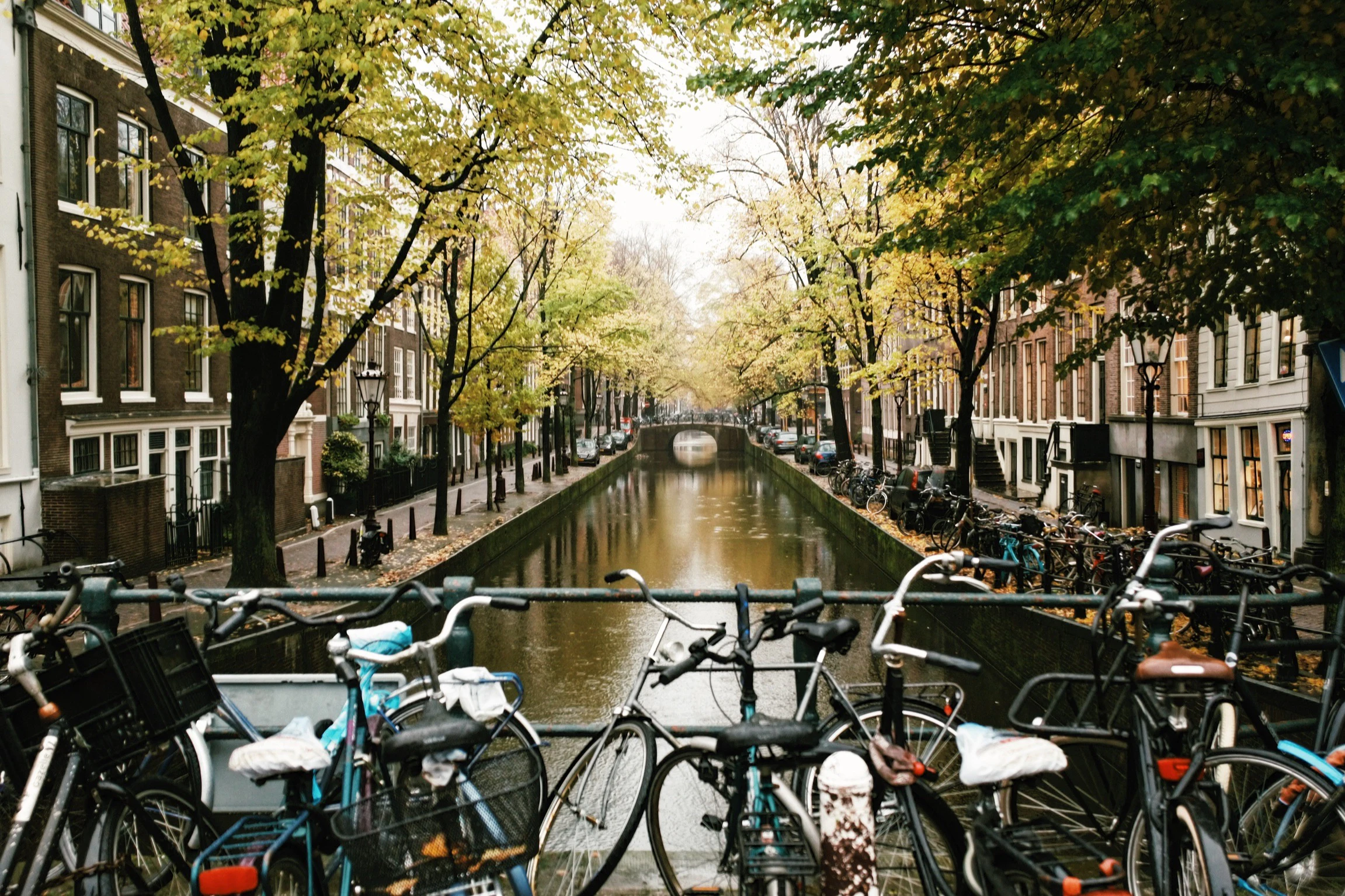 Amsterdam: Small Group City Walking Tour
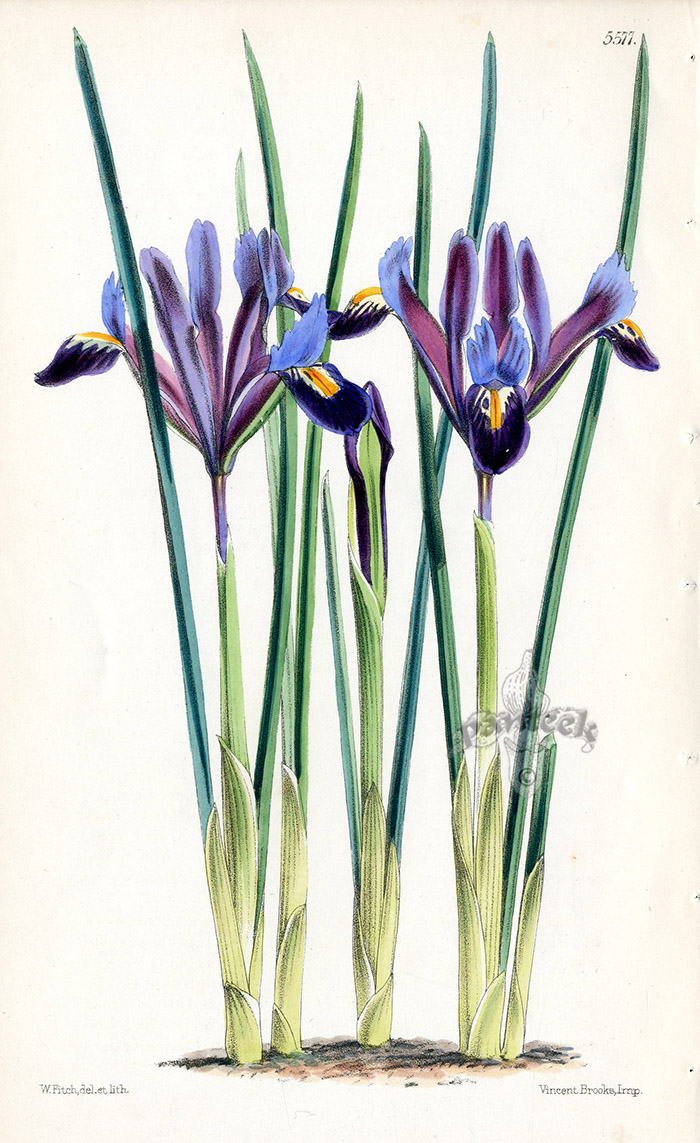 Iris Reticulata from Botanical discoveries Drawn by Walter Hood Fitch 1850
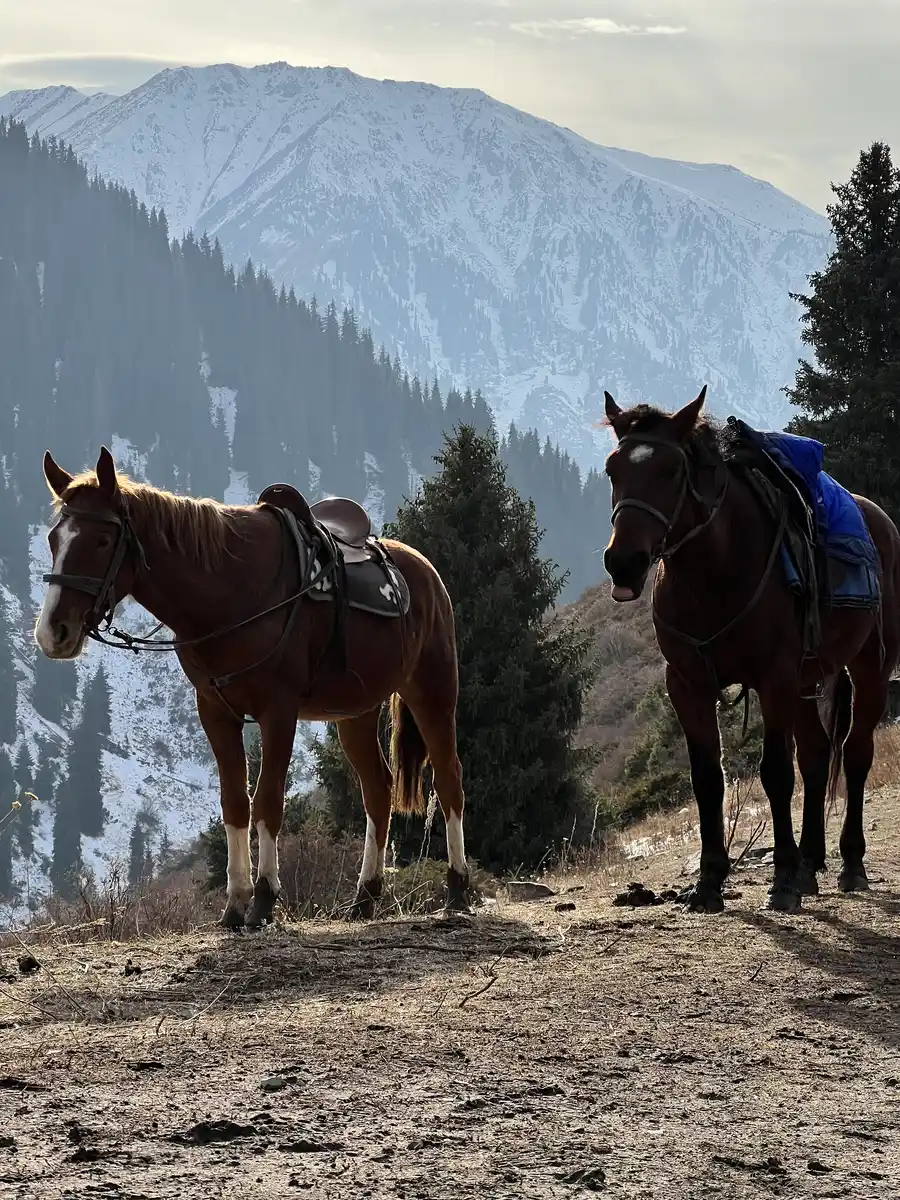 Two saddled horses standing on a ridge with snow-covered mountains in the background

--

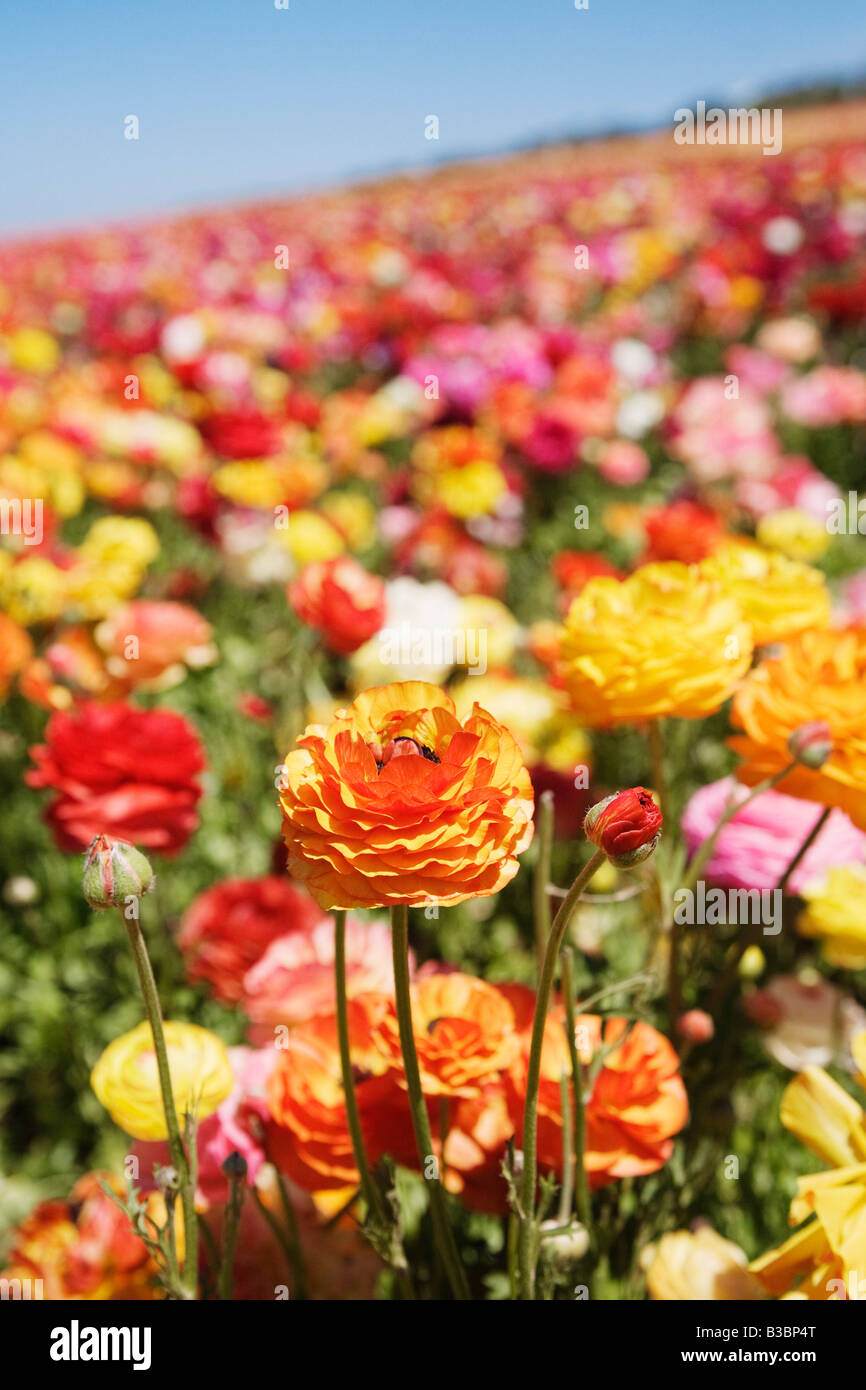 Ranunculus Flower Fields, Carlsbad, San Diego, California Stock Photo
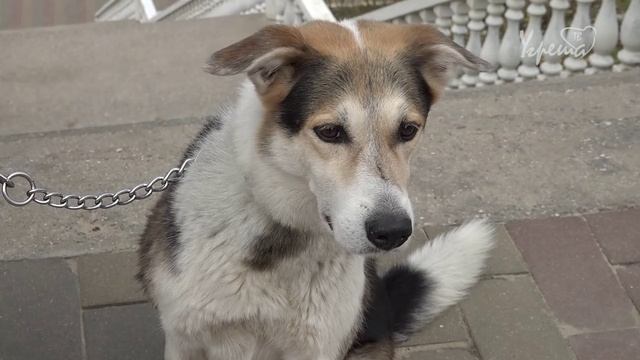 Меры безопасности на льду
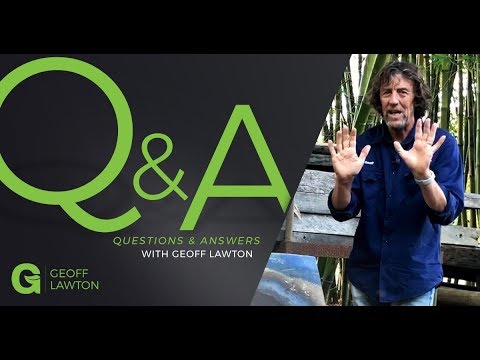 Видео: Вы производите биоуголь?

--

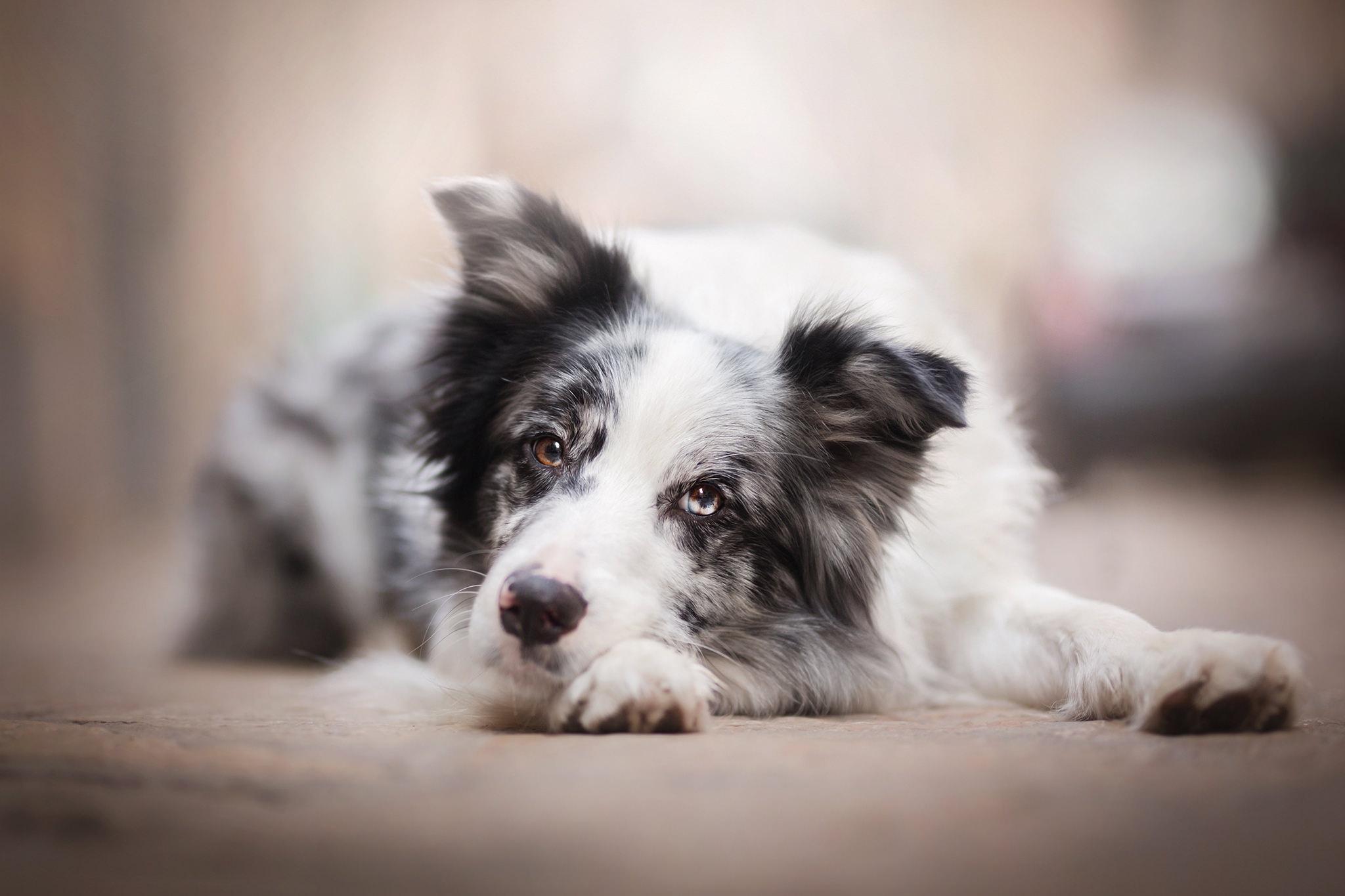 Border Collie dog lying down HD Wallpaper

# WHAT THE TASK REQUIRES
The data above holds the lines to copy: start at the one with "Amsterdam: Small Group City Walking Tour", stop at the one with "Two saddled horses", include both, copy them exactly without pictures, and copy nothing else.

# ANSWER TO THIS TASK
 Amsterdam: Small Group City Walking Tour
 Iris Reticulata from Botanical discoveries Drawn by Walter Hood Fitch 1850
 Two saddled horses standing on a ridge with snow-covered mountains in the background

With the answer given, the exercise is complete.